Avant de commencer, on va faire une grande et belle mise au point très rhétorique mais qui, par les temps qui courent, me paraît nécessaire. C'est à dire qu'on va répondre très simplement à la question : « qu'est-ce que l'homophobie » ? Évidemment, étymologiquement, on retrouve homo, semblable, et phobie, la peur. Raccourci pour homoérotophobie, la peur de l'homoérotisme, néologisme apparu en 1972 et je vous passe les détails, vous avez tout ça facilement sur Google.

Le sens du terme a dévié. Si à l'origine il s'agissait bien de la peur de l'homosexualité et des homosexuels, ce sens a évolué et n'a pas rejoint le domaine de la psychiatrie (où l'on retrouve les phobies « classiques », l'agoraphobie par exemple). Il a très vite englobé les enjeux sociétaux et les ramifications dans la société en tant que telle, à savoir l'hostilité envers les homosexuels de façon plus générale. Juridiquement, l'homophobie est une discrimination, c'est à dire une attitude, loi ou règle qui différencie les personnes en l'occurrence du fait de leur homosexualité. Par abus de langage, on inclut généralement dans ce terme les discriminations dont sont victimes les LGBT en général, mais on peut aussi parler de biphobie, transphobie, etc.
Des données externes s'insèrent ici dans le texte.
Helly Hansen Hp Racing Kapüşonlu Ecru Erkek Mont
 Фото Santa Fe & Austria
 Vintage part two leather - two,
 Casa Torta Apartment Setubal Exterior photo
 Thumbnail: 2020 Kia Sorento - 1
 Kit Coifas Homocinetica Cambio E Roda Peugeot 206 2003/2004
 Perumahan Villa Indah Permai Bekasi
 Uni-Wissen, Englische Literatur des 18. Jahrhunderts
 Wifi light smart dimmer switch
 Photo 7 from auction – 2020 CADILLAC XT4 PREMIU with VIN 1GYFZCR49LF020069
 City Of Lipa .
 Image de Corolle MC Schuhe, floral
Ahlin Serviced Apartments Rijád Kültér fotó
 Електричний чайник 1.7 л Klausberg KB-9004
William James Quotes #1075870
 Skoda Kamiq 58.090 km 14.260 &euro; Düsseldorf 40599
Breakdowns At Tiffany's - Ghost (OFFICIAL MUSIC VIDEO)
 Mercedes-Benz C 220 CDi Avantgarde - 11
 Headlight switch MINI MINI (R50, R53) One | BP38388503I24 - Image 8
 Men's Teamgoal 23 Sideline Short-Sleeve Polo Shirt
À titre personnel, je n'ai jamais vraiment subi l'homophobie.

Peut-être parce que je viens d'une famille plutôt ouverte, avec, comme aurait dit mon prof d'épistémologie et méthodologie des sciences sociales, Daniel Gaxie (inspiré par Bourdieu), un capital culturel hérité plutôt élevé. Ce qui donne une famille ouverte d'esprit, ouverte à la diversité, à ce qui n'est pas habituel. Ouverte sur le monde, d'ailleurs. Nous sommes plutôt du genre drogués aux chaînes d'info (dont la qualité, malheureusement, baisse, baisse, baisse), et nous ne savons plus que faire des bouquins qui s'entassent dans tous les coins. Mon père fréquente des tas de gens, dont un certain nombre d'homosexuels, et du coup, je n'ai jamais entendu quoi que ce soit qui puisse permettre de faire une différence. J'ajoute le concernant qu'il était plutôt réputé pour ne pas traiter les femmes différemment dans son boulot et ça, je pense, c'est loin d'être facile quand il faut ménager des susceptibilités.

À l'époque où j'étais en troisième, j'ai compris que je ne m'intéresserai pas aux filles. En fait avec le recul, je sais que c'était déjà dormant, mais je ne l'ai réalisé qu'à ce moment là. Anecdote dans l'histoire, la réalisation en tant que telle est venue d'une rumeur : une amie a cru qu'un type avait posté des photos d'elle nue en ligne alors que ce n'était qu'une homonyme qui n'avait rien à voir et qui, de fait, lui ressemblait un peu mais en bien plus âgée (et heureusement). J'avais donc 14 ans à cette époque ; mais j'avais mon lot de problèmes à gérer à ce moment là. Le collège n'a pas été une époque facile ; j'étais plutôt asocial, complètement déconnecté de mes camarades et j'en prenais pour mon grade également en raison de mon surpoids, lequel était plus impressionnant qu'aujourd'hui — mais j'y reviendrai dans un moment.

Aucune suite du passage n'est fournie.